A Zipf distribution can be defined more concretely as

f (r) = C r^{- α}

, where

C = {(\sum_{r = 1}^{k} r^{- α})}^{- 1}

, and

α

is the exponent parameter with a positive value. In the classic version of a Zipf distribution, the exponent

α

is 1. If we plot the Zipf distribution, frequency versus rank, in log-log scale, the result is a line and the slope of the line is

- α

. Because of this, most of the authors that claim the Zipf’s law patterns (e.g., [18,19,20,21,22,23]) use linear regression to examine the linearity between

\log (frequency)

and

\log (rank)

. The better the linearity can be shown, the closer it is to a Zipf distribution.

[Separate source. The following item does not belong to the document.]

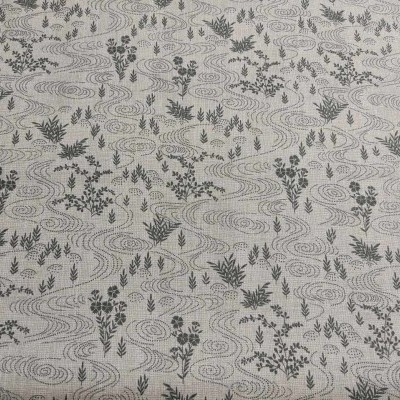 Tecido bege com padrão de folhas cinzentas e pretas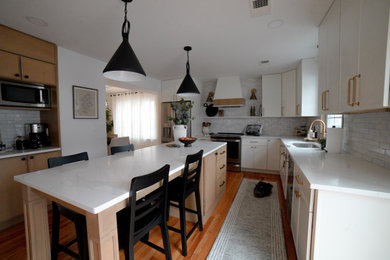Inspiration for a mid-sized transitional l-shaped medium tone wood floor eat-in kitchen remodel in New York with a drop-in sink, shaker cabinets, white cabinets, granite countertops, beige backsplash, subway tile backsplash, stainless steel appliances, an island and white countertops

This procedure, however, considers the intercept as a nuisance parameter, omitting the fact that it is related to

α

. More precisely, the intercept should be equal to

\log (C)

. Moreover, linear regression through ordinary least squares is inefficient in this case, given that r is an integer [24]. A better method to fit the Zipf’s law for empirical data is to use the maximum likelihood estimation (MLE), which has been proven effective in practice for similar distributions, such as Zipf-Mandelbrot law [25] and power law [26]. In our study, we also use MLE to estimate the exponent parameter in the Zipf distribution and check the goodness of fit by performing a chi-square test.

3. Dataset and Methods

3.1. Dataset

In this study, we use two MOOCs datasets. The first dataset is provided by xuetangX (www.xuetangx.com) and contains information of 76 courses held by Tsinghua University in year 2014 and 2015. The dataset contains information on individual users and courses, as well as the event logs of all users’ online activities. The information for each course contains the course’s name, level, and subject area. Each event log entry consists of the user ID, the IP address, the course ID, the chapter ID, the section ID, the event type, the event time, and other information depending on the specific event type. There are more than 4 million event log entries in the dataset.

The second dataset is Person-Course Dataset AY2013 (http://dx.doi.org/10.7910/DVN/26147) and contains 16 courses held by MIT and Harvard on edX in year 2012 and 2013. This dataset does not have detailed event logs; however, it contains important information of each student enrolled in the courses, which includes an anonymized user ID, the course ID, the number of chapters accessed, and other statistics on the user’s activities, including the number of active days, the number of video play events, the number of posts to forums, etc.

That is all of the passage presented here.